12 Eylül 1980 Darbesi'nin ardından yaşadıklarım, dün gibi hafızamda. MHP ve Ülkücü Kuruluşlar Davası kapsamında yargılanan Türkeş dahil, 587 sanığın büyük bölümü hakkında idam cezası isteniyordu. İsnatlarla ilgili maddi delil olmasa da itiraflarla doluydu dosya. Bu sözde "itiraflar" ise, insanlık dışı işkenceler sonucu alınan ifadelere dayanıyordu.
Oradaydım ve unutamıyorum; gençlerden birinin sorgusu sürerken hıçkırıklara boğuldu. Konuşamıyor, vücudu titriyordu. Duruşma Hakimi Albay Vural Özenirler, "İstersen sorguya ara verelim" dedi. O titreyen gençten zor anlaşılır bir ses tonuyla "hayır" cevabı geldi. Birkaç dakika sonra mesele anlaşıldı. Yapılan işkenceler sırasında vücudunda neredeyse sağlam kemik kalmayan o gencin, dudaklarından şu sözler döküldü:
"İşkenceciler, 'Biz seni erkekliğinden ettik, ama zevkten mahrum etmeyeceğiz' dediler, cop soktular..."

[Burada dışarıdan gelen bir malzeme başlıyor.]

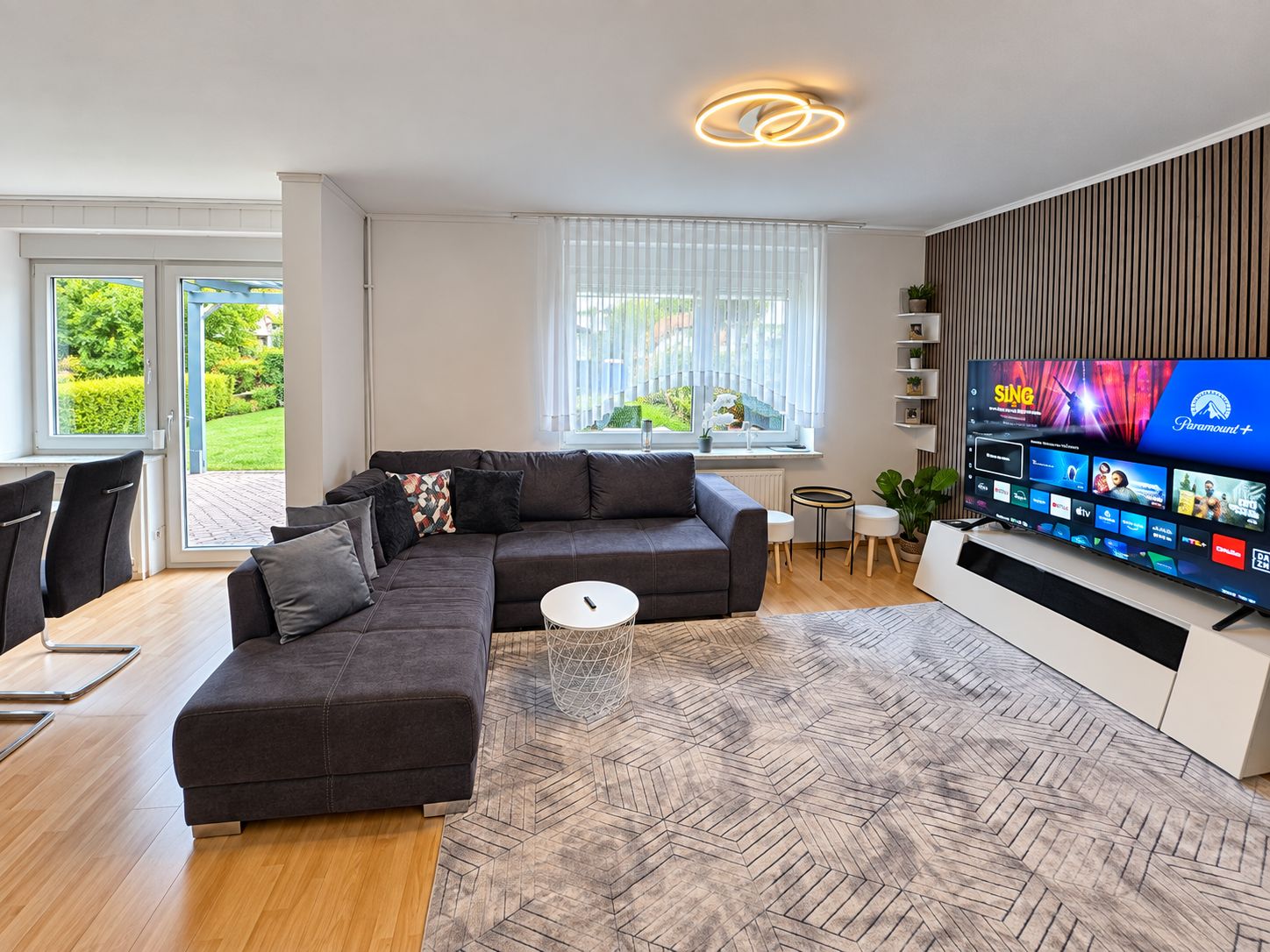 A modern living room with a sectional sofa, a coffee table, a TV mounted on the wall, and a view of the outdoors through large windows.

Salonda "Allahsızlar", "Ahlaksızlar" nidaları yükseldi. Sanıklar, dinleyiciler, gazeteciler, askerler birbirine karıştı. Coplar havada uçuştu. Yer yerinden oynadı kısacası. O yaşadıklarımız da 12 Eylül'ün iğrenç yüzü olarak hafızalarımıza kazındı.
Darbenin izleri silindikten sonra "bitti" demiştik. Ama bitmemiş, halen yaşıyormuş o iğrenç zihniyet. CHP'li Edirne Belediye Başkanı'nın 15 Temmuz Darbecilerinin şerefine kadeh kaldıran, "Suç ve suçluyu övme" fiilinden ceza almasına yol açan görüntüleri çeken gazeteci Şükrü Benli'nin anlattıkları tüyler ürpertici.
Baskılardan bunalıp Türkiye'yi terk etmiş, Bulgaristan'a yerleşmiş. Ama orada da bulmuşlar kendisini, eterle bayıltıp bir bağ evine götürmüşler. Sonrası iğrenç:
"Belediye Başkanının görüntülerini nasıl çekersin, dediler. Darp edildim. Filistin askısına asıldım. Cinsel organıma elektrik verdiler. Bazı Cisimlerle cinsel saldırıda bulundular. Kadın elbiseleri giydirilerek, ruj sürülerek görüntülerim çekildi."
Basit iddialar değil bunlar. Yargı tarafından araştırılıp ciddi bulunmuş, iddianameye bile bağlanmış. Belediye Başkanı Recep Gürkan'ın da aralarında bulunduğu sanıklar, Edirne 3. Ağır Ceza Mahkemesi'nde 50 yıla varan cezalarla yargılanıyorlar.
İnsanlık dışı bir eşkıyalık ve insan onurunu ayaklar altına alan iğrenç bir cinsel saldırı ile karşı karşıyayız. Başta gazeteciler cemiyetleri olmak üzere, bütün Türkiye'nin ayağa kalkması lazım. Oysa hiçbirinde çıt yok.
Ama ilginç bir tesadüf var ortada. Dün cop sokulan o gencin yargılandığı davanın savcısı Albay Nurettin Soyer, bugünün CHP İzmir Belediye Başkanı olan Tunç Soyer'in babasıydı. İkinci "cisimli cinsel saldırının" sanıklarından biri ise bizzat Edirne'nin CHP'li Belediye Başkanı.
O yüzden...
En çok "Ne oluyor, nedir bu?" diye CHP tabanının ve teşkilatlarının ayağa kalkması gerekir. Ama görüyoruz ki, Türkiye'deki pek çok sivil toplum örgütü ile birlikte, ölü toprağı serilmiş oraya?